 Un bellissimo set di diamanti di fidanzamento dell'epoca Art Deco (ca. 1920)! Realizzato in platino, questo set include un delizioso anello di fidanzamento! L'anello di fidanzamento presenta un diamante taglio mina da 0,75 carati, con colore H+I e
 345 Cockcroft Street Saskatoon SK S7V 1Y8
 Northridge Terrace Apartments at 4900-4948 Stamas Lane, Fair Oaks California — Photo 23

○ ○ ○ ○

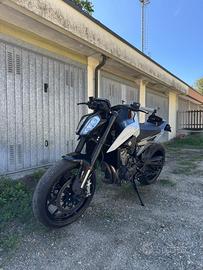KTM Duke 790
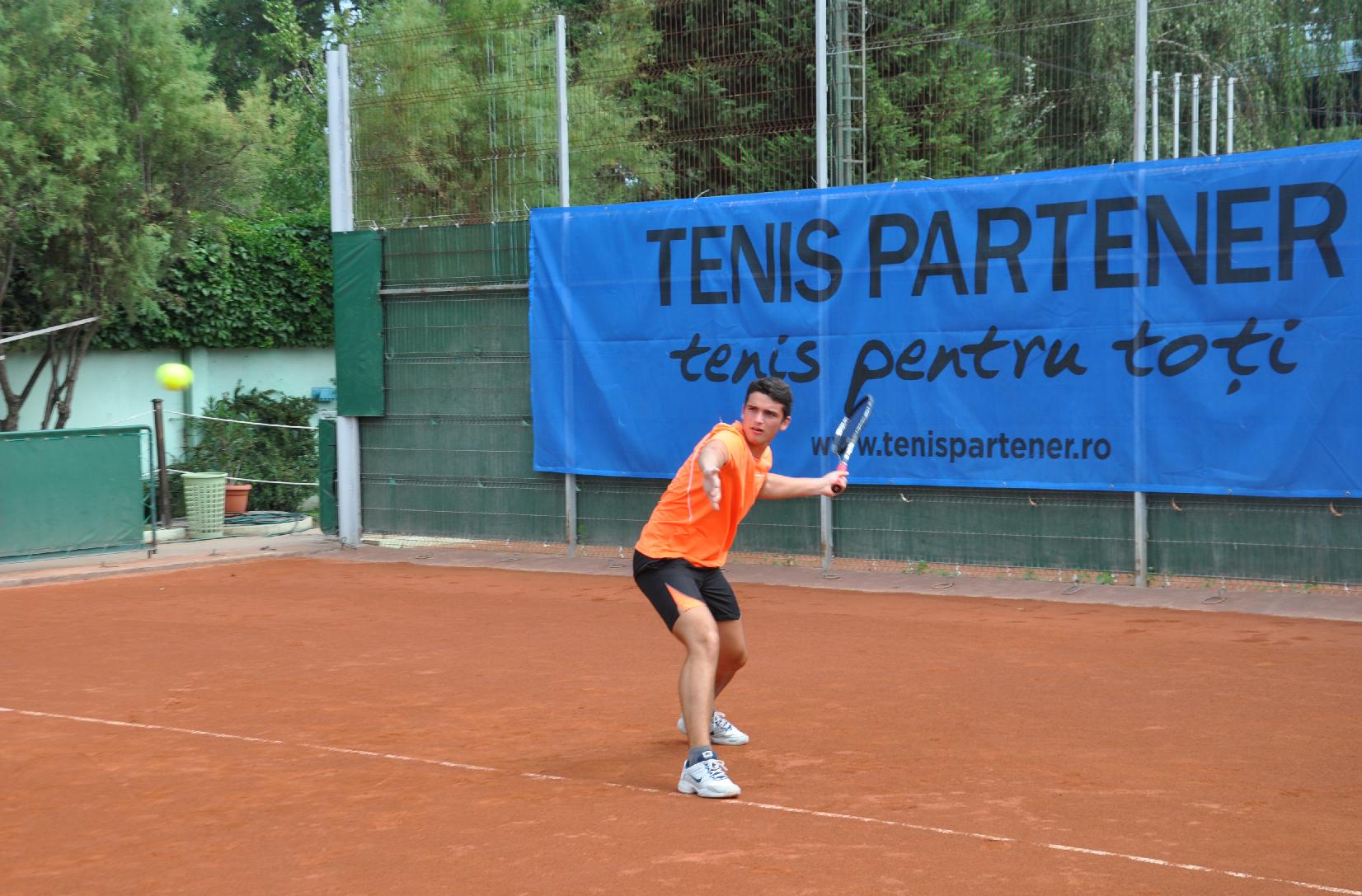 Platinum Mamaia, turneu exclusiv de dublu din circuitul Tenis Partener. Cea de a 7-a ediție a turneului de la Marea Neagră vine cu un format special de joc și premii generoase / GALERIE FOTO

○ ○ ○ ○

§ **WHAT TO WORK ON**: Leaving out the pictures, please output the lines in the entries above from the one with "KTM Duke 790" through the one with "Platinum Mamaia, turneu", exactly as they are.

§ **RESPONSE TO THE TASK**:
KTM Duke 790
 Platinum Mamaia, turneu exclusiv de dublu din circuitul Tenis Partener. Cea de a 7-a ediție a turneului de la Marea Neagră vine cu un format special de joc și premii generoase / GALERIE FOTO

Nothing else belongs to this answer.